_EXERCISE DESCRIPTION_: Write out the material below exactly, beginning at the line that contains "Preventing scroll bars" and ending with its last line, both ends included; write nothing else.

_DATA FOR PROCESSING_:
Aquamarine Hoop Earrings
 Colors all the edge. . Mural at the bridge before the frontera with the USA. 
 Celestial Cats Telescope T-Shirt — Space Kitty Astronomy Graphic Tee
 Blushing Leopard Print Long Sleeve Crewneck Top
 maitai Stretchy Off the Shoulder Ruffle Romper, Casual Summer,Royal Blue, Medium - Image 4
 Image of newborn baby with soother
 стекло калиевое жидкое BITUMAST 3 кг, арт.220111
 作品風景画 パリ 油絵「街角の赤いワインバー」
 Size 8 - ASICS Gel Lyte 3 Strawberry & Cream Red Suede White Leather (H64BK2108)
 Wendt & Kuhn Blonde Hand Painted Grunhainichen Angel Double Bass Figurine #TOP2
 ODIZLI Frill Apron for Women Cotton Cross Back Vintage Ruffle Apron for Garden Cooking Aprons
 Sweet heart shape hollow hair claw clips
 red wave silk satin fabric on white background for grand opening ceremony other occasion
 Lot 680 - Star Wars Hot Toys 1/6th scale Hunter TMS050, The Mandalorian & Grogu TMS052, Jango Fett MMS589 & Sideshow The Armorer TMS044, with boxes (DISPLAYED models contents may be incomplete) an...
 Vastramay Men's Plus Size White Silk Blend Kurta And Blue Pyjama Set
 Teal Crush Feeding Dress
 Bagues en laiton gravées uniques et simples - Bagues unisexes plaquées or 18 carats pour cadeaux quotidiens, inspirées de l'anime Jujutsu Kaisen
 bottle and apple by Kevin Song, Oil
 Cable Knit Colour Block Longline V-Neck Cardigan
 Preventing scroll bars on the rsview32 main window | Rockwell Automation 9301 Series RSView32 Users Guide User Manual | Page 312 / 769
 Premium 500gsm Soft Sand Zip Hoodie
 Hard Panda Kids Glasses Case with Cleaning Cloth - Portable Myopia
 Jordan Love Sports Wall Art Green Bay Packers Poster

_EXERCISE SOLUTION_:
 Preventing scroll bars on the rsview32 main window | Rockwell Automation 9301 Series RSView32 Users Guide User Manual | Page 312 / 769
 Premium 500gsm Soft Sand Zip Hoodie
 Hard Panda Kids Glasses Case with Cleaning Cloth - Portable Myopia
 Jordan Love Sports Wall Art Green Bay Packers Poster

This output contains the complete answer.